A Second Journey: Reformation Tour Through Edinburgh, Part 2

Just outside of the courthouse is a parking lot, with a small plaque on one spot marking the grave of… can you believe it, John Knox. The burial place of one of Scotland’s most prominent character’s of its history, most notably church history, is now a parking space. There wasn’t even a plaque to mark the spot until quite recently! His original burial marker does survive in Saint Gile’s Cathedral, just around the corner. First established in the 12th century, Saint Giles was once a Catholic place of worship, but became a Presbyterian church during the Scottish reformation in the 1500s, and was under the pastoral care of John Knox.
Greyfriars Kirk Yard was our next destination. It is most famous for its ghost stories and Greyfriars Bobbie, a small dog who sat on his owners grave for years after his owner died and was buried there. It is highly significant for covenanter history. It was the location of the first signing of the National Covenant; we sat on the very grave where it was laid to be signed and took a picture together there. It was also the make-shift prison for 1200 protestant prisoners after the battle of Bothwell Bridge in 16 something. With no prison that could accommodate such a large number, the authorities placed the 1200 in a gated area within Greyfriars Kirk Yard. The prisoners stayed there, behind that gate, with no shelter and very little food for four months. By the time those months had passed, three quarters of them had died off due to exposure and starvation. The remaining quarter was sold to a merchant as slaves.
One of the more notable graves at Greyfriars Kirk is that of Alexander Henderson, who was another giant of the Scottish faith. Henderson was a protestant preacher who died of natural causes, before a king, who very much disliked him, was able to finish him off. Frustrated, said king ordered that soldiers go to his grave and destroy it as best they could. Evidently, the soldiers thought the task rather silly and gave only a half-hearted attempt at demolishing it, as it still stands, granted with quite a few scars from sword slashes and musket balls.
Lastly, we went to the Grass market, a center of trade in Edinburgh as well as the place of execution for many criminals, which included over a hundred covenanters. For some, their only crime was attending a church field meeting, or carrying a Bible. Their bodies are buried along with the other criminals of the time in a mass grave at Greyfriars.

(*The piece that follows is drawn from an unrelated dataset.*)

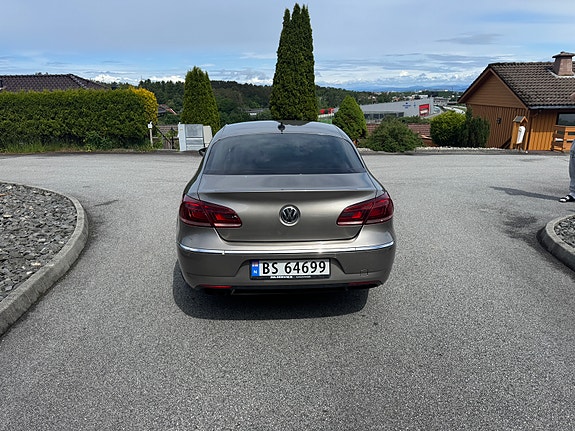 Volkswagen CC 4 of 30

It was heart wrenching and stunning to think of the trust these people had in God. The price of THEIR faith was something more than a few strange looks from coworkers or snide comments about one’s belief in traditional marriage. These covenanters were prepared to sacrifice their farms, family, physical comfort/well-being, and their very lives to glorify God by clinging to His promises. Merely possessing a Bible risked torture, imprisonment, and execution, and yet, they continued to carry and proclaim God’s word, considering it of much greater value even than the breath in their bodies. Now, their testimony stands firm and bright as a lighthouse, beaming through centuries and circumstance to shed light on Scotland’s spiritual situation today, and encourage saints all over the world to remain steadfast and stalwart in God’s word, no matter where or when.
I am certainly encouraged, and I hope you are too.